Bloomberg: Russia's "Good Options to Tackle Inflation Are Now Exhausted"
Russia's annual inflation rate rose to 6% in June (up from 5.3% previously), potentially forcing the central bank to pause its interest rate cuts at the July meeting — marking the first time since last June, when the easing cycle began, that it refrains from action. Governor Naabulina has previously warned that further room for monetary relaxation is "significantly narrowed," and curbing inflation will require "painfully high interest rates."
As inflation accelerates, Russia's fuel crisis has sharply worsened. Gasoline shortages have spread from the south and occupied regions to central and Pacific coastal areas. By late June, about 90% of regions were either imposing sales restrictions or reporting supply disruptions. Refinery output in June hit a 20-year low, gasoline prices rose 19.9% year-on-year, and surged another 2.1% in the first week of July, while diesel prices rose 3.4%. Rising transportation costs are being passed on to consumers, further fueling inflation expectations.

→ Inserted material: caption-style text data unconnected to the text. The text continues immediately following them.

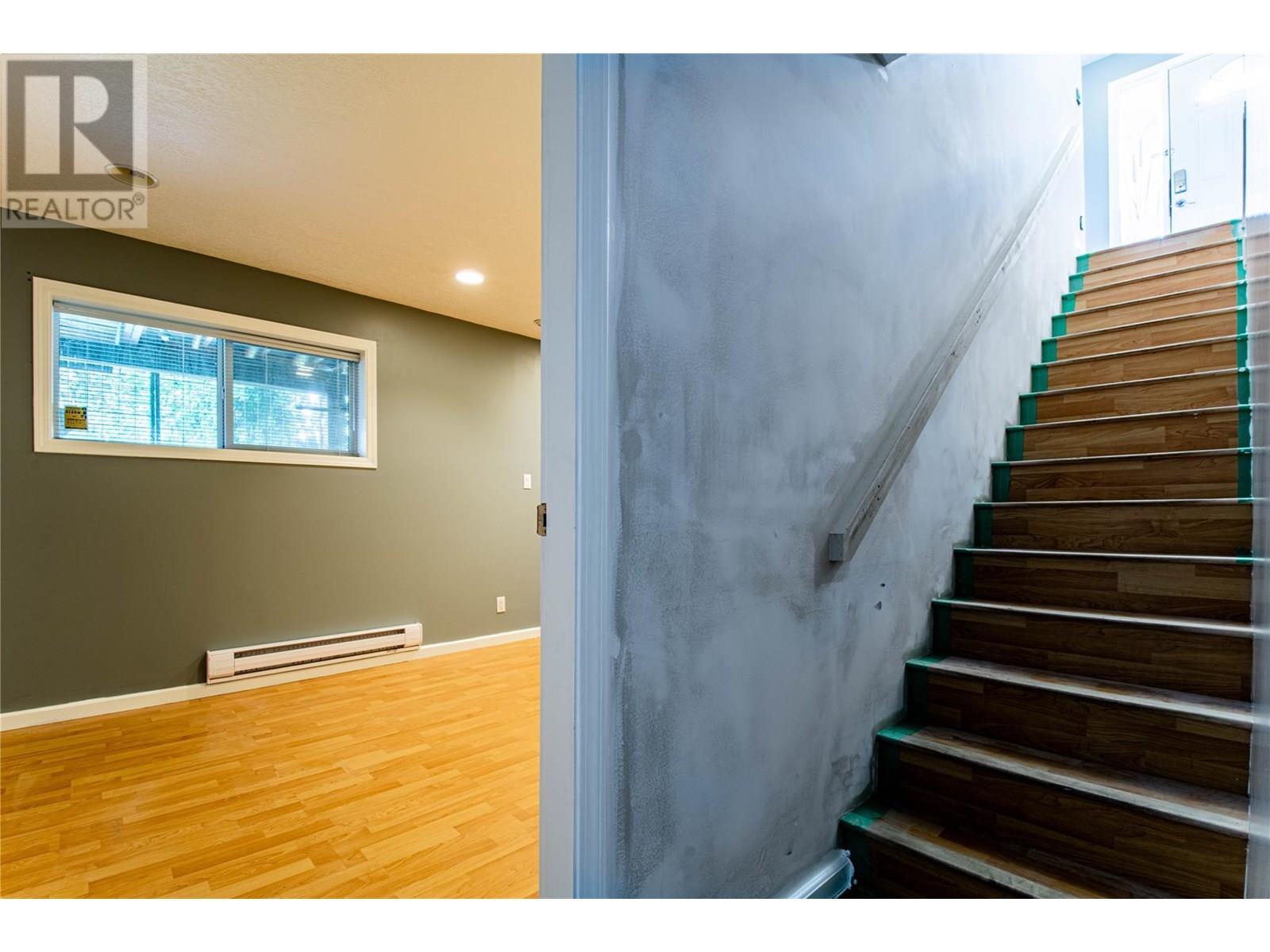 4904 Pleasant Valley Road, Vernon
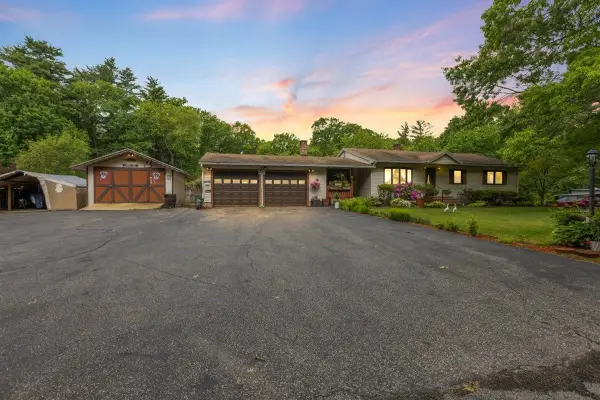 42 Brown Hill Road, Hampstead, NH 03826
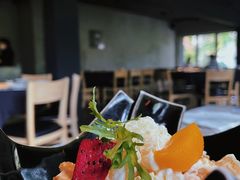 -穹六人间 people 6(岳阳路店)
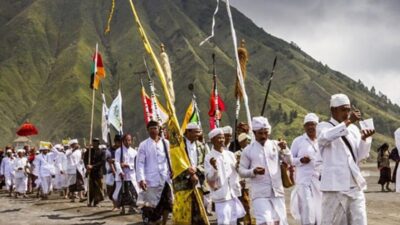 TNBTS Tutup Wisata Gunung Bromo Saat Ritual Yadnya Kasada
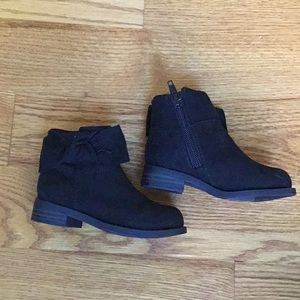 Toddler girl boots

Analysts say the central bank is likely to maintain its current interest rate at the July meeting, or possibly make only a symbolic cut of 0.25 percentage points.
Additionally, Russia’s budget deficit reached 6 trillion rubles in June, with unlimited money printing, and over 50 regions reported long queues at gas stations. Economist Plastun summed up: For the Kremlin, this month marks the point where "good options have been exhausted."